12 - Feed Forward Neural Networks

Review of Linear Regression

  • Purpose: Fit to a dataset of m examples.

  • Gradient Descent:

    • Updating parameters, $ heta$, according to the negative of the gradient.

  • Methods of Gradient Descent:

    • Batch Gradient Descent: Updates parameters once per epoch.

    • Stochastic Gradient Descent: Updates parameters for each example.

  • Optimization Problem: Essential to identify parameters that minimize the loss.

Review of Logistic Regression

  • Objective: Fit model to a dataset of m examples using logistic function.

  • Maintain the same gradient descent approach as linear regression with an emphasis on binary outcome predictions.
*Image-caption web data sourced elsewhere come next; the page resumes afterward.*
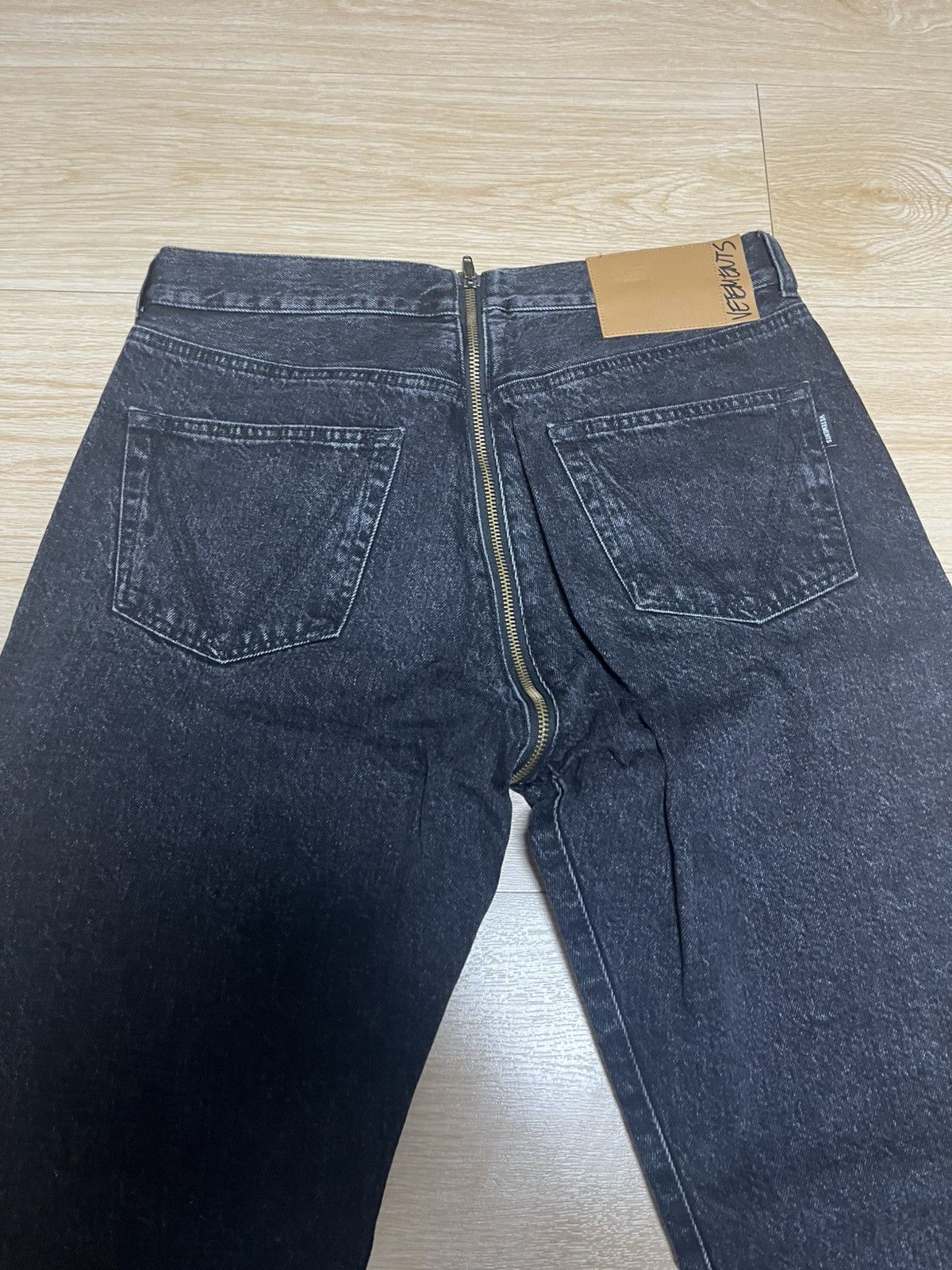 Levi's × Vetements M Vetements SS20 crotch zip split HOMME denim pants jeans Size US 30 / EU 46 - 7 Thumbnail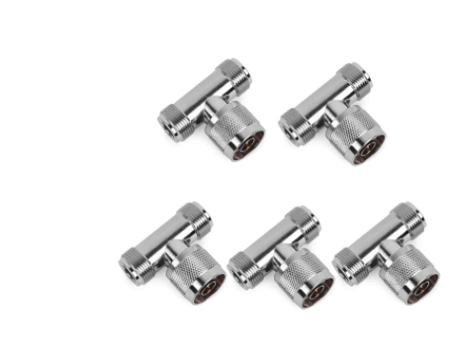 Adaptador SLOWMOOSE 3-Pin N Jack Macho A 2 N Hembra Triple T En Rf (5 Uds.)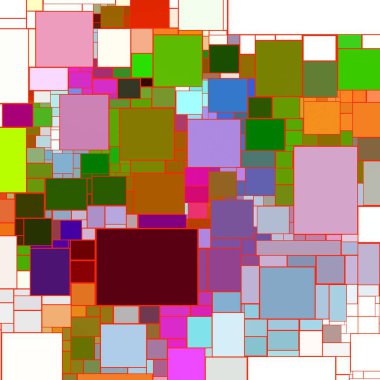 Renkli geometrik desenli soyut arkaplan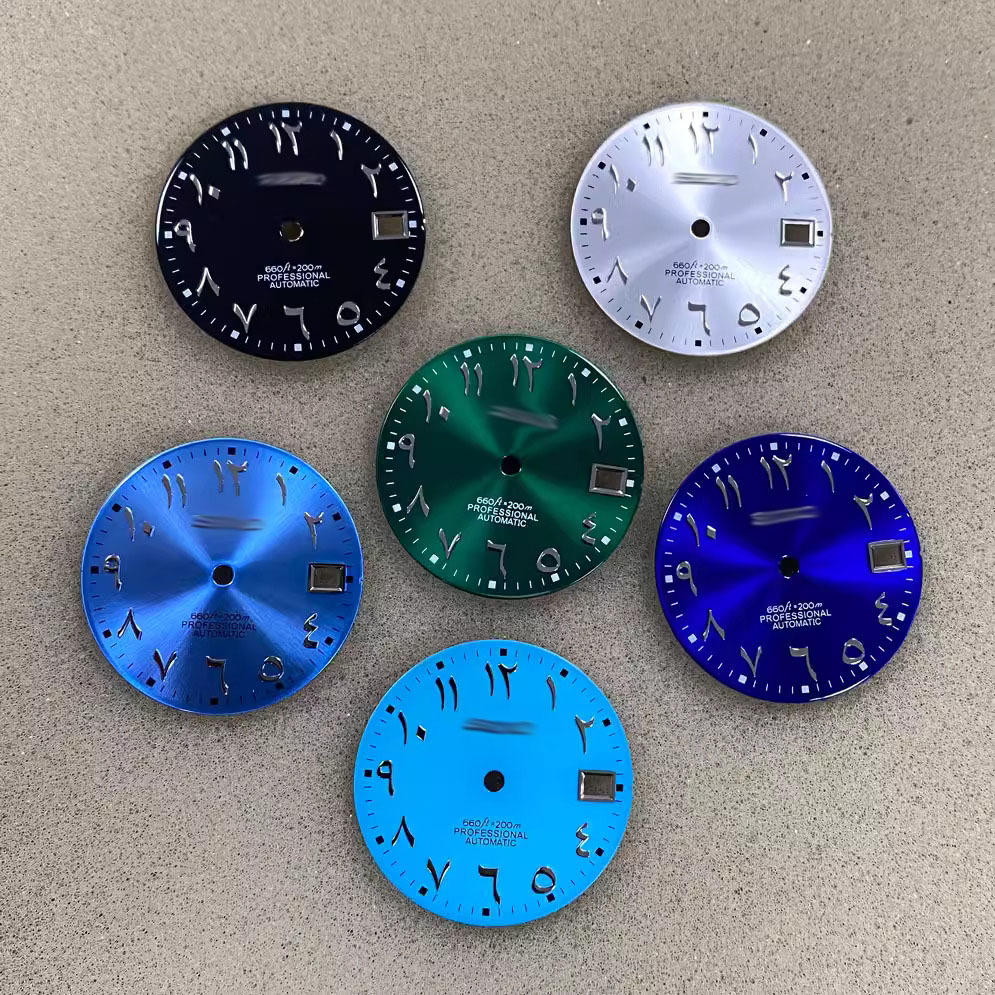 Arabic Letter Numerals Dial for Datejust NH35/NH36 Watch
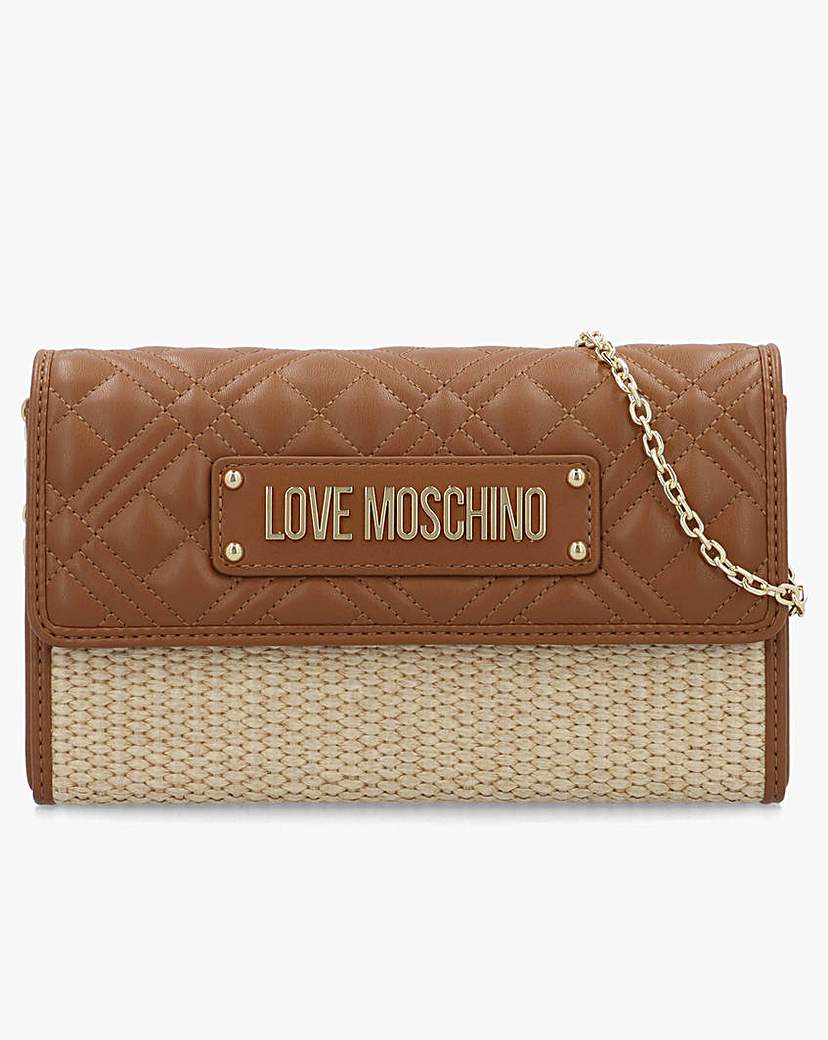Love Moschino Straw Chic Tan CrossBody TAN …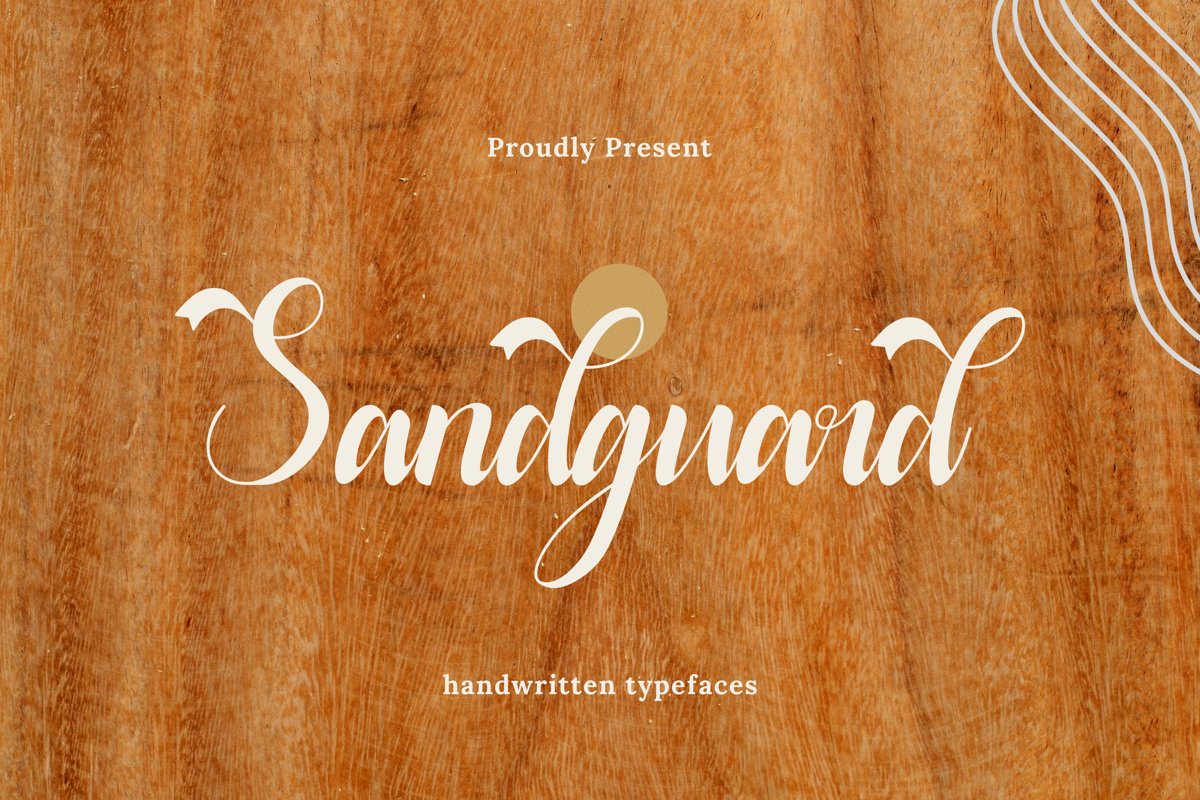 Sandguard - Script Font example image 1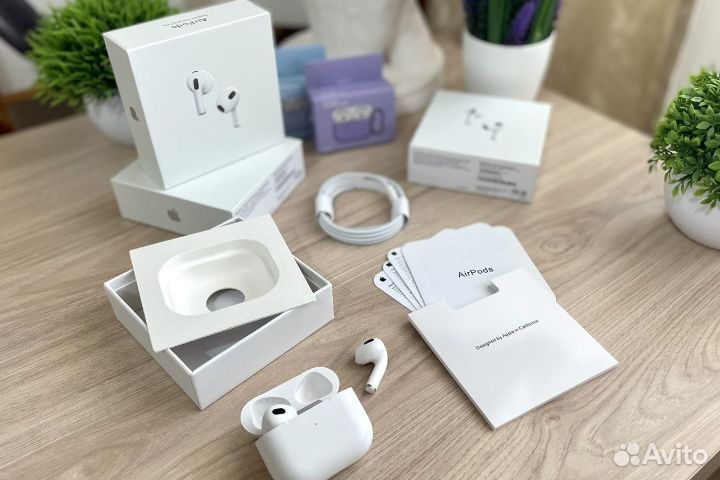 Наушники AirPods 3 чехол, гарантия, доставка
Review of Softmax Regression

  • Focus: Fit model to m examples using the softmax function to produce probabilities.

  • Follows similar gradient descent principles as above.

  • Importantly involves one-hot encoding for categorical outputs.

Notation and Model Structure

  • Logistic Regression Notation:

    • Input features include variables such as square footage (SF) and number of bedrooms (BR).

  • Model Complexity:

    • Observations indicate that the model can be restricted.

    • A more nuanced representation requires interaction terms or deeper learning.

Neural Network Architecture Overview

  • Basic Structure:

    • Layers in a neural network include input, hidden, and output layers.

  • Forward Propagation:

    • Data flows from input layer through hidden layers to the output layer.

    • Each layer has its activation functions defined.

  • Activation Functions:

    • Common to have unique activation functions for different layers in the network.

Hidden Units in Neural Networks

  • Function of Hidden Units:

    • Each hidden unit is designed to learn various relationships and patterns from input data.

    • Individual interpretation of units can be complex or non-intuitive.

  • Architecture Design: Understanding intentions through training data and architecture design is essential for outcomes.

Feed Forward Neural Networks (FFNN)

  • Configuration:

    • Fully connected layers where each unit's activations contribute to subsequent layers.

    • FFNNs do not loop back activations and maintain a directed flow.

    • In traditional contexts, an FFNN with only one layer of hidden neurons is considered shallow.

Activation Functions

  • Output Layer Activation Functions:

    • Sigmoid Function: Primarily used for binary classification producing a single probability output.

    • Linear Activation: Outputs a single value for regression tasks.

    • For multiple output units, the softmax function enables multiclass classification probabilities.

  • Softmax Activation:

    • Outputs a probability distribution across K classes, particularly effective in multiclass settings.

Multiclass Vs. Multilabel Classification

  • Multiclass Classification:

    • Mutually exclusive classes with one prediction attempt (e.g., softmax probabilities).

  • Multilabel Classification:

    • Non-exclusive predictions possible with simultaneous activations on separate outputs.

Hidden Layer Activation Functions

  • ReLU (Rectified Linear Unit):

    • Most common due to effectiveness seen in deep networks.

    • Introduced to combat the vanishing gradient problem effectively.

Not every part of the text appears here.